TASK ITEM
Please transcribe exactly the lines from the line holding "Prezydent Białegostoku Tadeusz Truskolaski" through the end of the data below, and skip any pictures.

========================================================================

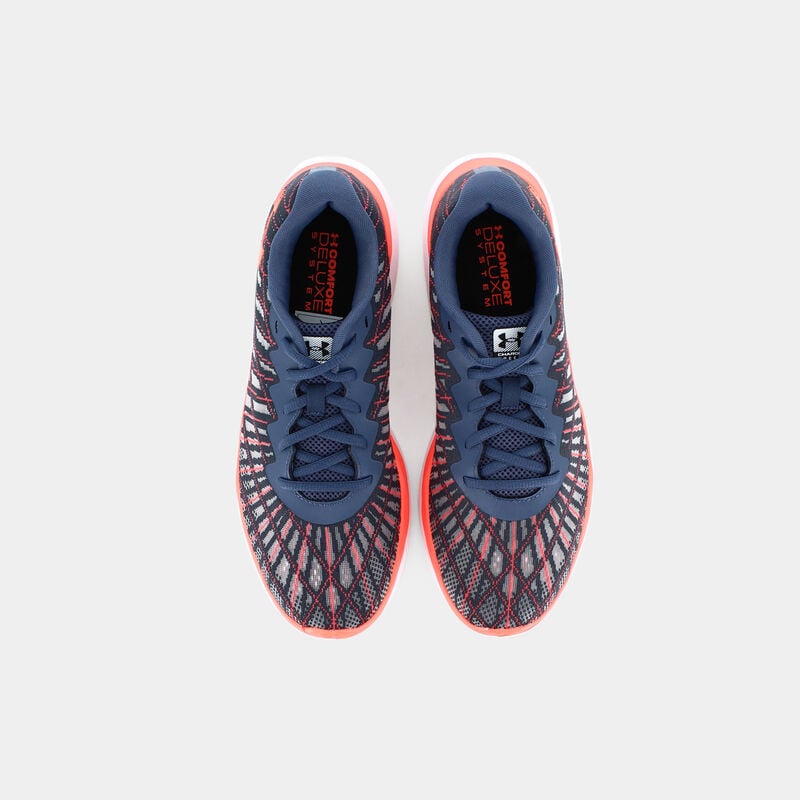 SCARPE da UOMO | SPORTIVE UNDER ARMOUR
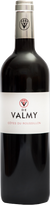 Château Valmy V de Valmy Rouge 2021 Red wine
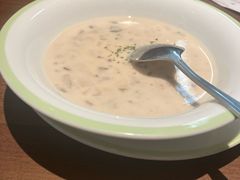 -萨莉亚意式餐厅(杭州西溪龙湖天街店)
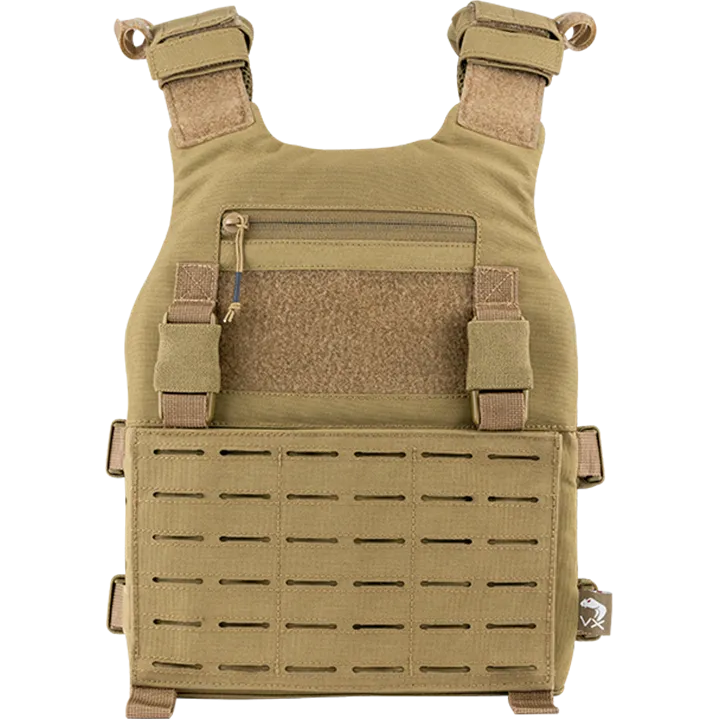 Viper Tactical - VX Buckle Up Carrier GEN2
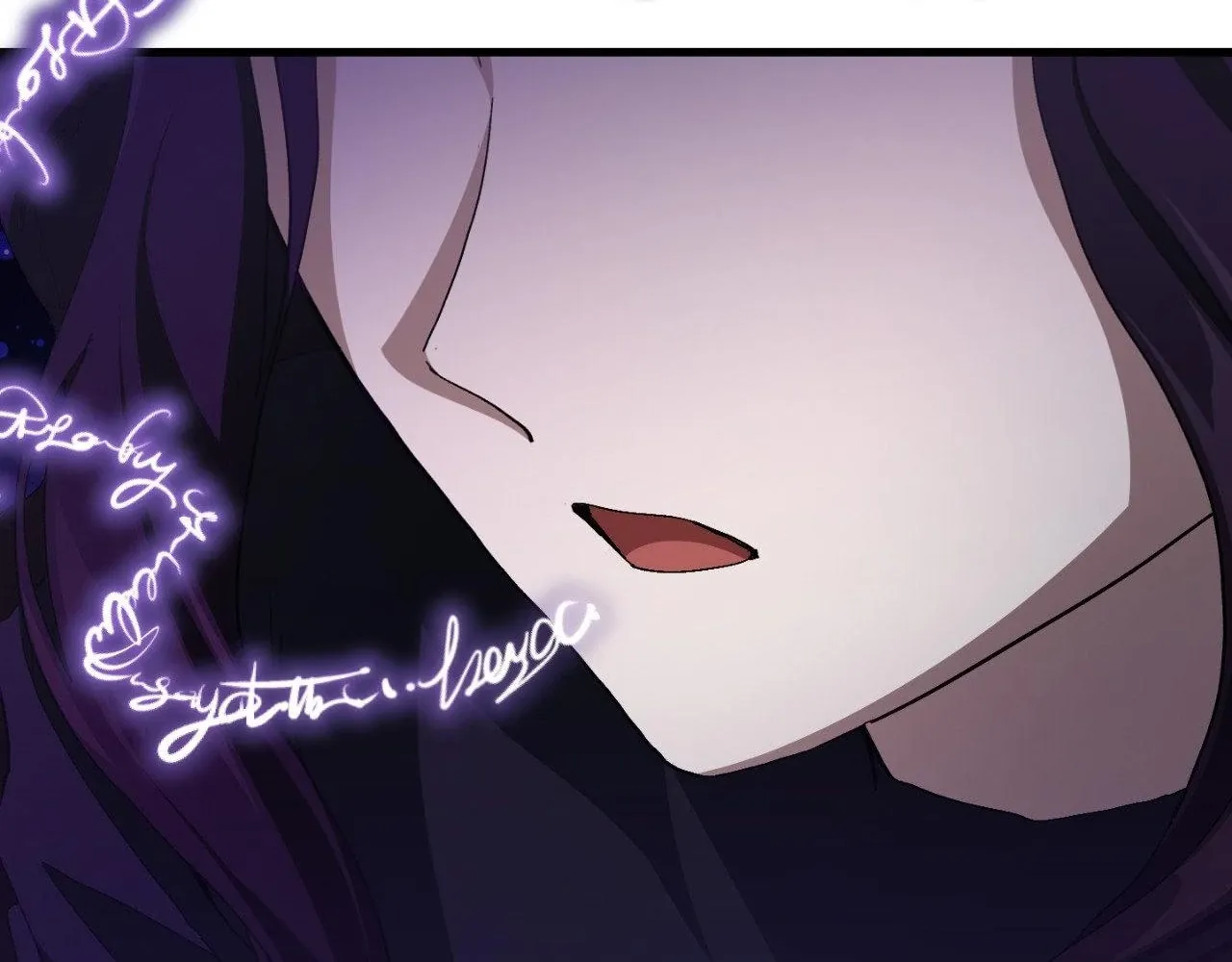 How to Train Your Healer Chapter 77 page 113 - 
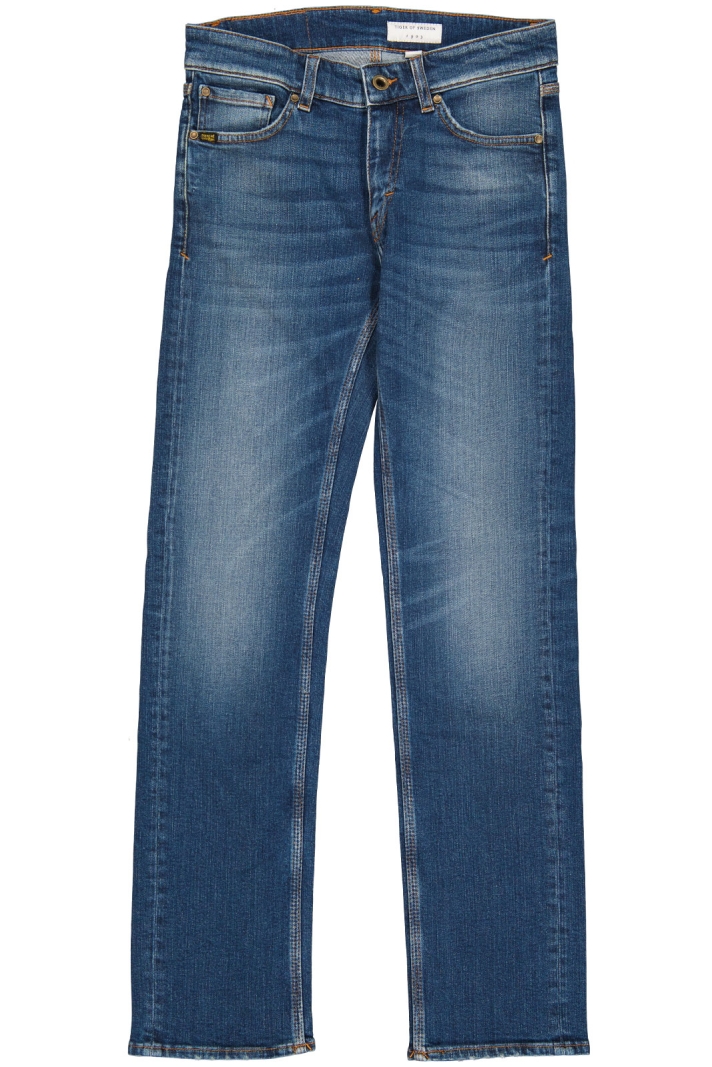 Des T72599 21F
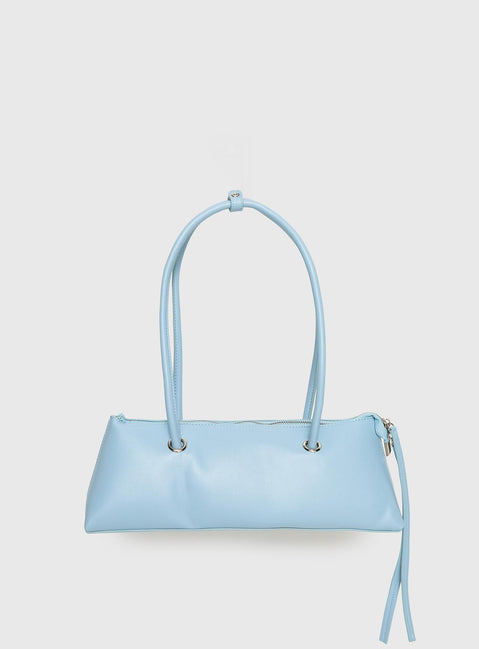 Dreaming Of Me Shoulder Bag Blue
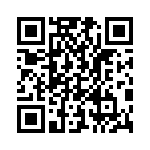 RBA22DTMI QRCode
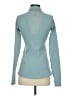 Shape Teal Jacket Size XS - photo 2
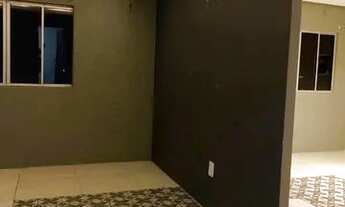 Imagem 7: ALUGO STUDIO $1200 C/ ENERGIA ELÉTRICA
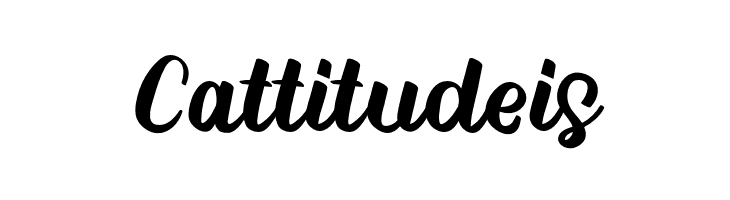 Athain-Regular  Free Fonts Download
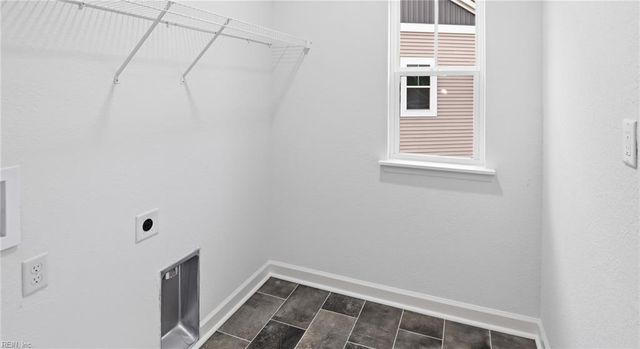 1005 Serene Rd Unit 100, Suffolk, VA 23435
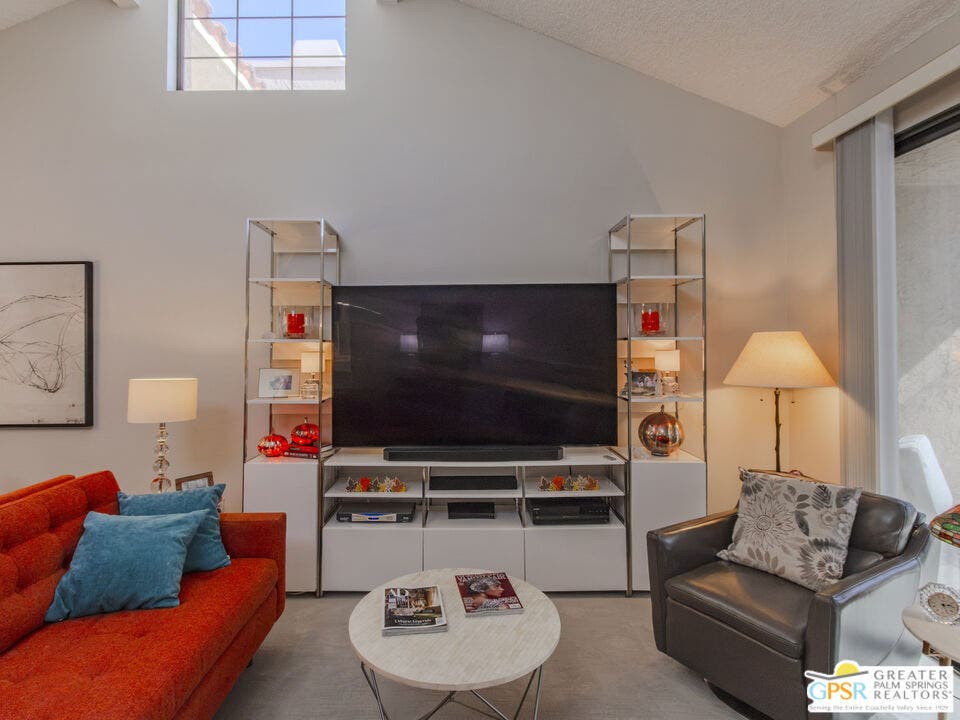 68677 Calle Mancha, Cathedral City, CA 92234 68677 Calle Mancha, Cathedral City, CA 92234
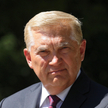 Prezydent Białegostoku Tadeusz Truskolaski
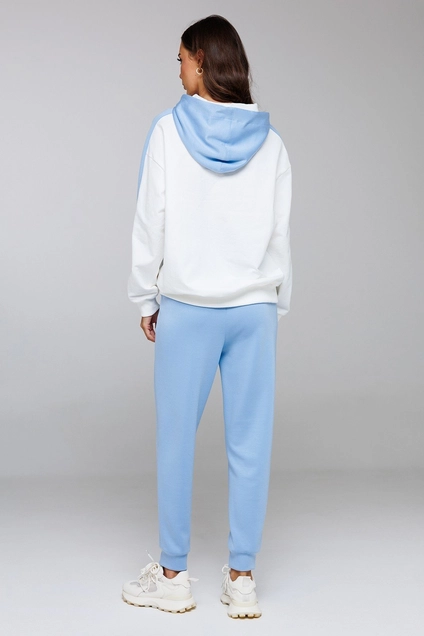 Спортивный костюм 2889 BUTER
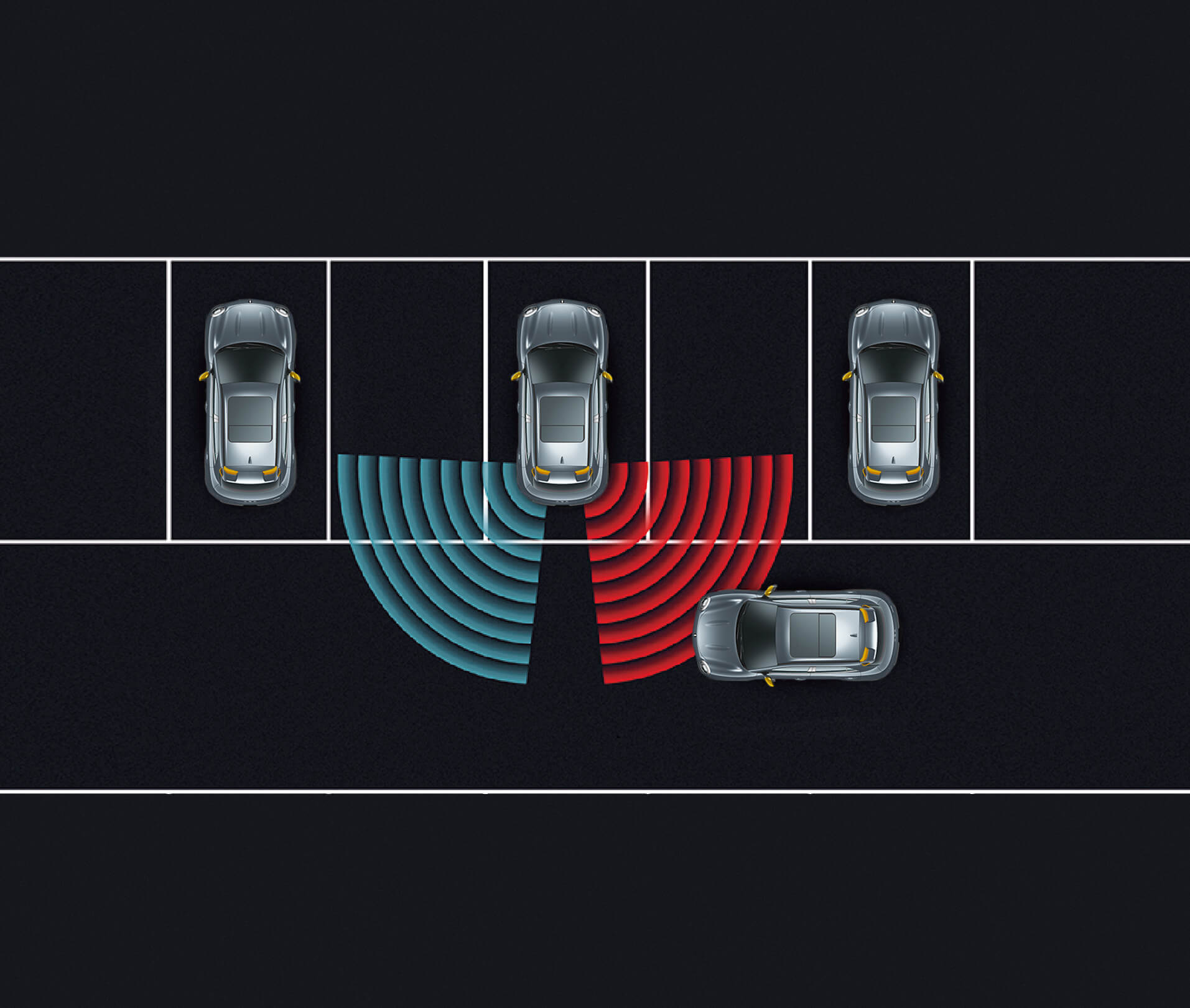 k8凯发(中国)天生赢家·一触即发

========================================================================

ANSWER TO THE EXERCISE
 Prezydent Białegostoku Tadeusz Truskolaski
 Спортивный костюм 2889 BUTER
 k8凯发(中国)天生赢家·一触即发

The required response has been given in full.